In sports, the word first is associated with competitive ranking: the winner. But the 32-year-old fencer’s story of firsts is as much about crushing boundaries as it is about crushing opponents. She was the first athlete to wear a hijab when competing for the U.S. in the Olympics. She was also the first Muslim-American woman to win a medal. For challenging convention and remaining true to herself, Muhammad is celebrated as a pioneer in athletics. But when it comes to her greatest achievement, she’s most proud of the dialogue these actions have initiated. “I’m showing people that Muslim women should be part of the conversation when it comes to sports,” Muhammad says.
Muhammad was raised in Maplewood, New Jersey, where, as far as she knew, there was only one other Muslim family in town.
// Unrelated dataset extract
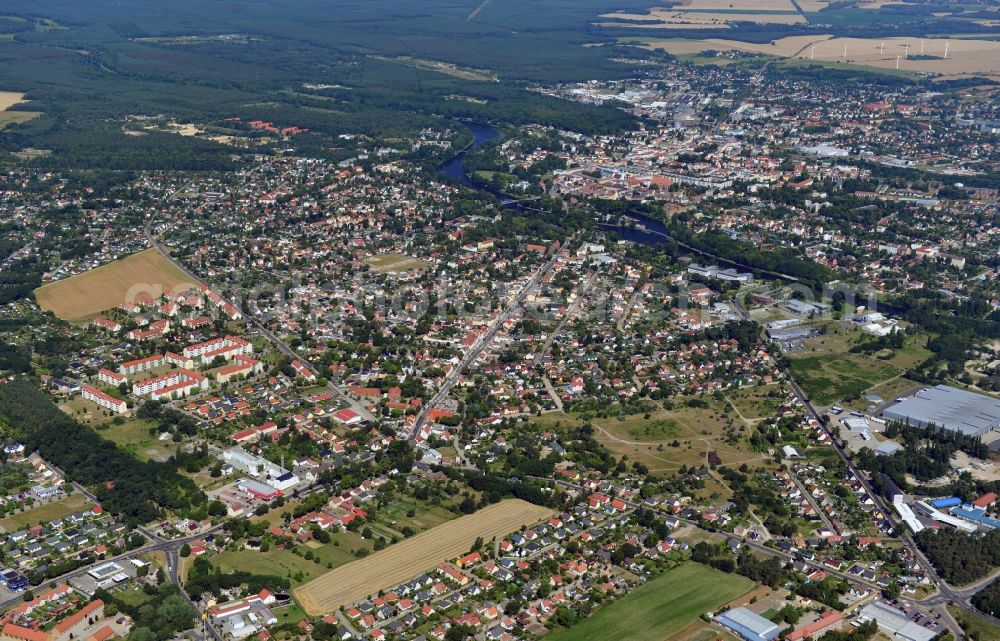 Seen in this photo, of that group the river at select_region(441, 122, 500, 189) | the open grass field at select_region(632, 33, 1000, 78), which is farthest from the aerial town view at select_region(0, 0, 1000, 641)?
the open grass field at select_region(632, 33, 1000, 78)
She was 13 years old when she put on her first fencing uniform, which changed the way she was able to engage with her peers. “It was the first time I could participate in a sport and not compromise my faith,” she explains. While her peers were always inclusive, being part of a team sport helped Muhammad—an active kid—find a way to connect.
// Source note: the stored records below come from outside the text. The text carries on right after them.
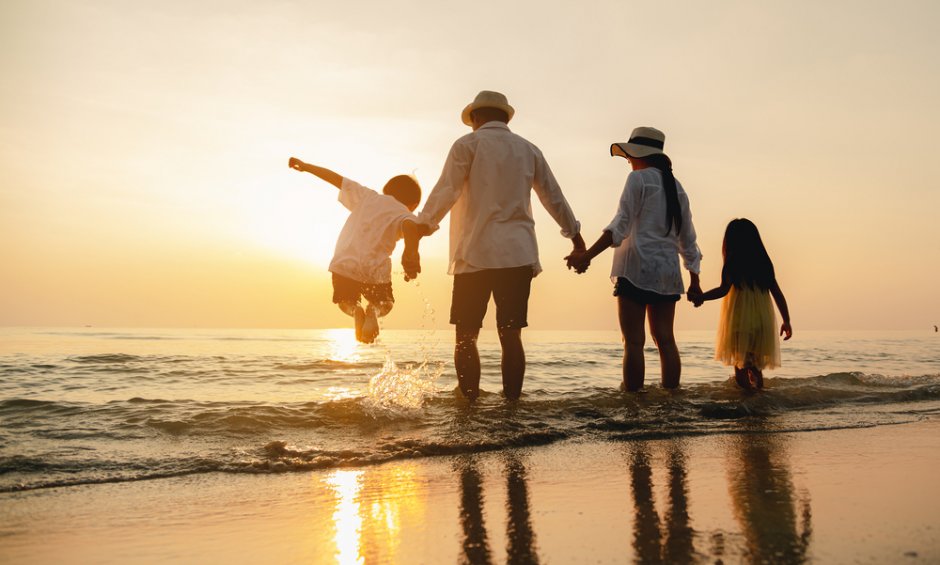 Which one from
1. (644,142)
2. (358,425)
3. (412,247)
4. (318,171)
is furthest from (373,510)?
(644,142)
It was only when she traveled to other fencing competitions that she felt different. Beyond being the only fencer in a hijab, she was often the only African-American participant in a sport dominated by white athletes. Those early experiences set off a pattern that has repeated itself throughout Muhammad’s whole life: “I’ve had a lot of moments of being the first,” she says.
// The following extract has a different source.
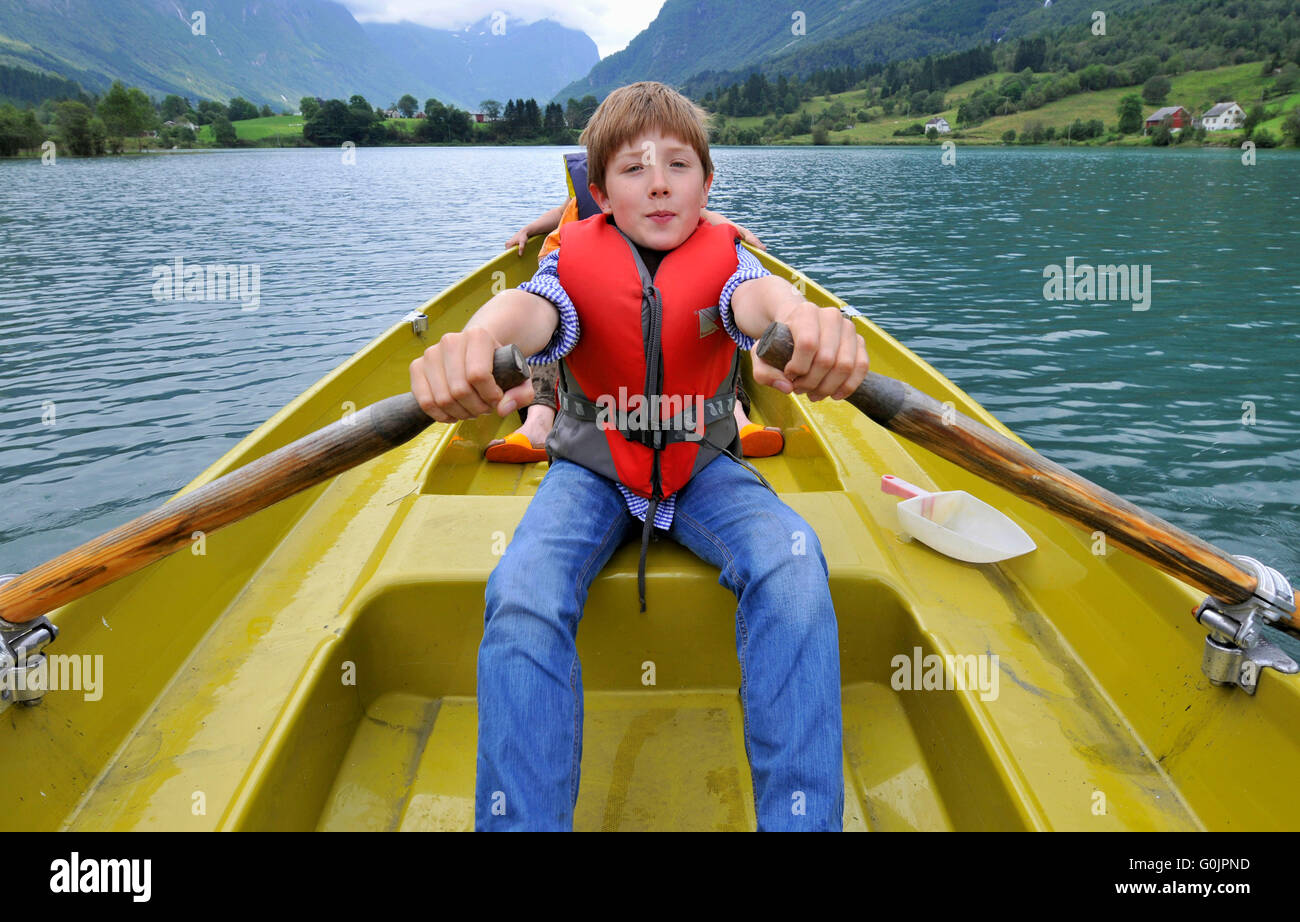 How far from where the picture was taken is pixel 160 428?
22.8ft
Muhammad was later recruited to compete for Duke University; she made the national fencing team in 2010 and then had that history-making turn at the 2016 Games in Rio de Janeiro, when she took home the bronze. Muhammad credits this success to her upbringing and persistence when she faced doubt from others. “I wasn’t always accepted by coaching staff or teams; people have a hard time with change. But I made a conscious decision not to care about people’s misconceptions of who I was,” she explains. “I wouldn’t allow what others thought about my religious beliefs or ethnic background to change how I felt about myself. I used my confidence and my belief in my journey to qualify for the Games.”
That spirit and motivation even inspired the first hijab-wearing Barbie. The doll, part of Mattel’s new “Shero” line, is dressed in a fencing uniform, complete with a replication of Muhammad’s saber. Presented to Muhammad for the first time at the 2017 Glamour Women of the Year summit, this Barbie inspires girls to embrace their differences. For the trailblazing Olympian, activating this kind of change is a lifelong responsibility.
After winning her medal, Muhammad now intends to “transcend sports, in a sense.” She’s writing a memoir and a children’s book while she advocates for a more inclusive fashion industry. She also gives back through her involvement with organizations like the Peter Westbrook Foundation, a not-for-profit organization that uses fencing to help young people from New York’s underserved communities reach their academic and personal potential. And, despite her busy schedule, Muhammad is still training.
“Through sport I figured out who I could be as a person,” she says. Athletics have afforded Muhammad opportunities to pursue the American dream beyond the Olympics. “As a Muslim public figure, it’s important to be myself—my most authentic self. That’s being challenged right now, politically and socially, and it’s what makes this country so different and so strong. [All Americans] have different backgrounds and skill sets to make us the strongest nation in the world, and that should be celebrated.”